So, I have a list of multiple tidygraph
objects and what Im trying to do is return the index a specific tidygraph
object, selected by the user. Hopefully my example below will explain the problem.
(ASIDE: I have attempted a solution that I show below, but at the moment it is super slow to run. Im hoping to come up with a different, faster solution.)
To begin, I create some data to turn into tidygraph
objects, then I create the tidygraph
objects and put them all together into a list:
library(tidygraph)
# create some data for the tbl_graph
nodes <- data.frame(name = c("Hadley", "David", "Romain", "Julia"),
level = c(1,1,1,1),
rank = c(1,1,1,1))
nodes1 <- data.frame(name = c("Hadley", "David", "Romain", "Julia"),
level = c(1,1,1,1),
rank = c(2,2,2,2))
nodes2 <- data.frame(name = c("Hadley", "David", "Romain", "Julia"),
level = c(1,1,1,1),
rank = c(3,3,3,3))
nodes3 <- data.frame(name = c("Hadley", "David", "Romain", "Julia"),
level = c(2,2,2,2),
rank = c(1,1,1,1))
edges <- data.frame(from = c(1, 1, 1, 2, 3, 3, 4, 4, 4),
to = c(2, 3, 4, 1, 1, 2, 1, 2, 3))
# create the tbl_graphs
tg <- tbl_graph(nodes = nodes, edges = edges)
tg_1 <- tbl_graph(nodes = nodes1, edges = edges)
tg_2 <- tbl_graph(nodes = nodes2, edges = edges)

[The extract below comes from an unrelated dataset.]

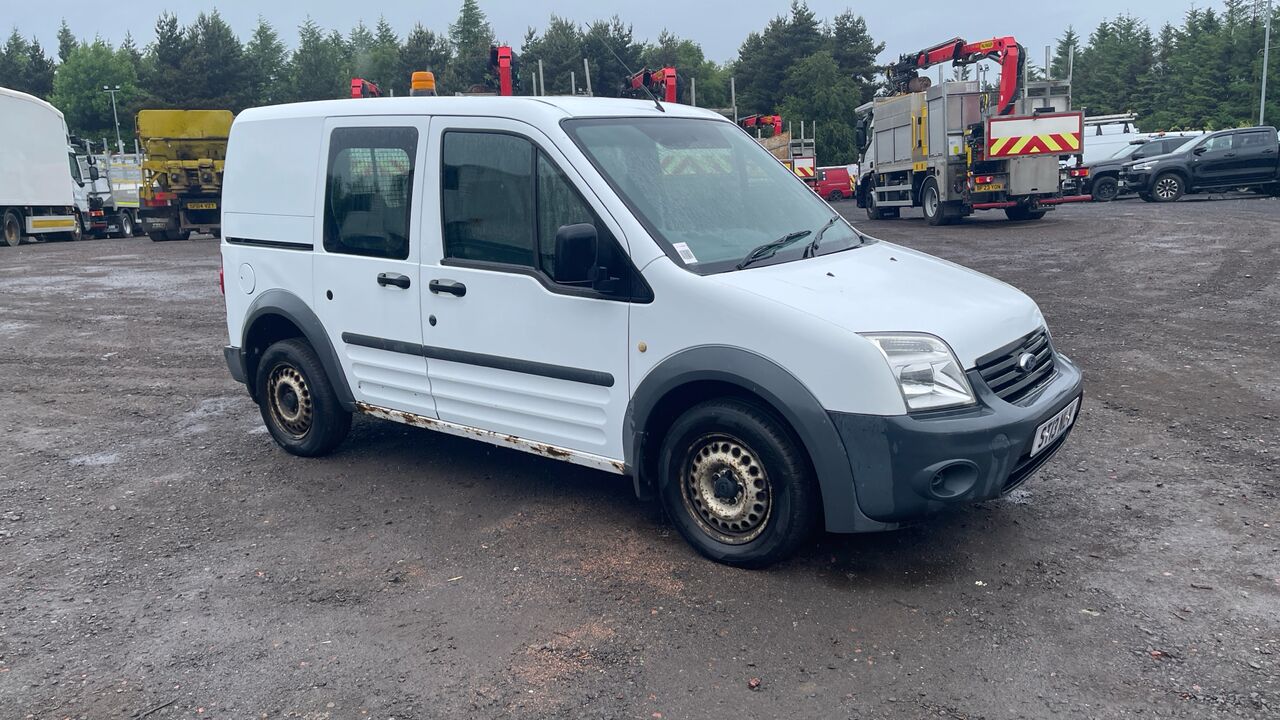 Ford Transit Connect TDCi 75PS - Грузопассажирский фургон: фото 1 Ford Transit Connect TDCi 75PS - Грузопассажирский фургон: фото 1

tg_3 <- tbl_graph(nodes = nodes3, edges = edges)
# put into list
myList <- list(tg, tg_1, tg_2, tg_3)
For clarity, looking at the 1st list element looks like this:
> myList[1]
[[1]]
# A tbl_graph: 4 nodes and 9 edges
#
# A directed simple graph with 1 component
#
# Node Data: 4 × 3 (active)
name level rank
<chr> <dbl> <dbl>
1 Hadley 1 1
2 David 1 1
3 Romain 1 1
4 Julia 1 1
#
# Edge Data: 9 × 2
from to
<int> <int>
1 1 2
2 1 3
3 1 4
# … with 6 more rows
We can see that each object has a variable called level
and another called rank
. What Im trying to do is return the list index of an object by selecting the level
and rank
number. So, for example, if I select level = 1
and rank = 2
, my function would return the index of the object with those values (in this case the 2nd list element). My attempted solution to this is below, but it's a very slow process... I was wondering if there is a better way to achieve what I want?
My Attempted Solution
In my solution, I begin by turning each of the tidygraph
objects in a tibble to make them easier to manipulate. And this is why my function is so slow. In my data, I could have up to 200,000 tidygraph
objects in a list, so going through them and converting them all to tibbles is a very slow process. I do that like so:
# seperating out the list to make it easier to manipulate
list_obj <- lapply(myList, function(x){
edges <- tidygraph::activate(x, edges) %>% tibble::as_tibble()
nodes <- tidygraph::activate(x, nodes) %>% tibble::as_tibble()
return(list(edges = edges, nodes = nodes))
} )
And then this is the function I actually use to extract the index of the chosen object:
# this function returns the tree index asked for by user
getTreeListNumber <- function(listObj, level, rank){
res <- 0
listNumber <- NA
for(i in 1:length(listObj)){
res <- level %in% listObj[[i]]$nodes$level && rank %in% listObj[[i]]$nodes$rank
if(res == TRUE){
listNumber <- i
}
}
return(listNumber)
}
For example:
> getTreeListNumber(list_obj, level = 1, rank = 2)
[1] 2
By selecting the level and rank, the function return the objects index within the list. But is there a faster way to achieve this result?
You may try -
getTreeListNumber <- function(listObj, level, rank){
which(sapply(myList, function(x) {
nodes <- tidygraph::activate(x, nodes) %>% tibble::as_tibble()
all(nodes$level == level & nodes$rank == rank)
}))
}
getTreeListNumber(myList, 1, 2)
#[1] 2